神戸市の東須磨小学校で昨年起きた「教師間いじめ問題」についての神戸市教育委員会および学校側の対応に疑問を感じています。
1.「教師間いじめ問題」の実態
これは明らかに「刑事事件」になる「犯罪」であり、「いじめ」で済まされる問題ではありません。「子供によるいじめ」でないのですからなおさらです。しかも「子供を教育する立場にある教師による犯罪」であり、悪質です。
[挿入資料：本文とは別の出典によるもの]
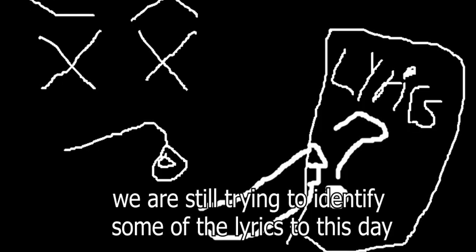No, we didn't find anything. We are still trying to figure out some of the lyrics to this day. And the closest to it was two-voz.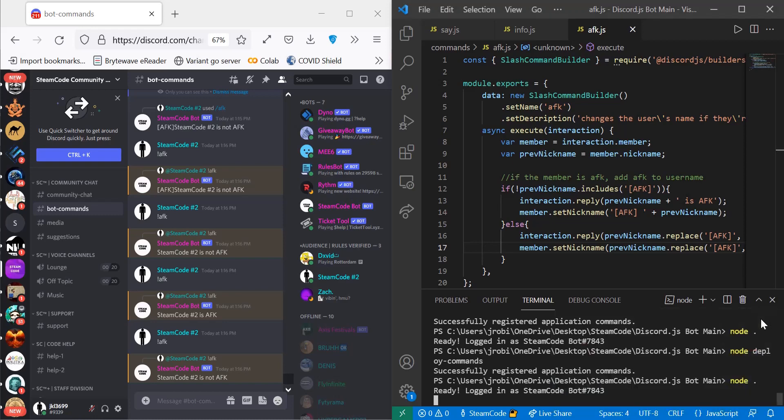Hello everyone, welcome back to Steam Code. In this video I'll show you how to create an AFK command with our Discord.js bot. So first and foremost, let's take a look at how this thing actually operates.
(1)強要罪:被害者が嫌がる激辛カレーを無理やり食べさせたこと
(2)器物損壊罪:被害者の乗用車を故意に傷を付けたこと
(3)名誉棄損罪:被害者にとって不名誉な映像を出したこと
(4)侮辱罪:校内で被害者を公然と罵倒したこと
(5)威力業務妨害罪:児童たちに被害者教員のクラスの学級崩壊を唆したこと
(6)暴行罪または傷害罪:身体への暴行のほか、うつ病を発症するほど被害者の心身を大きく傷付けたこと
2.神戸市教育委員会の対応に疑問
このような「集団リンチ教員」は即刻「懲戒免職」にした上で、「刑事告発」するのが当然だと思うのですが、神戸市教育委員会も学校側も今一つ対応が煮え切りません。「一罰百戒」とすべき事案だと私は思います。
これは、昔から役所や学校にある「保身体質」「隠蔽体質」の表れだと思いますが、被害教員はもとより保護者や神戸市民、広くは国民全体も納得しないのではないでしょうか?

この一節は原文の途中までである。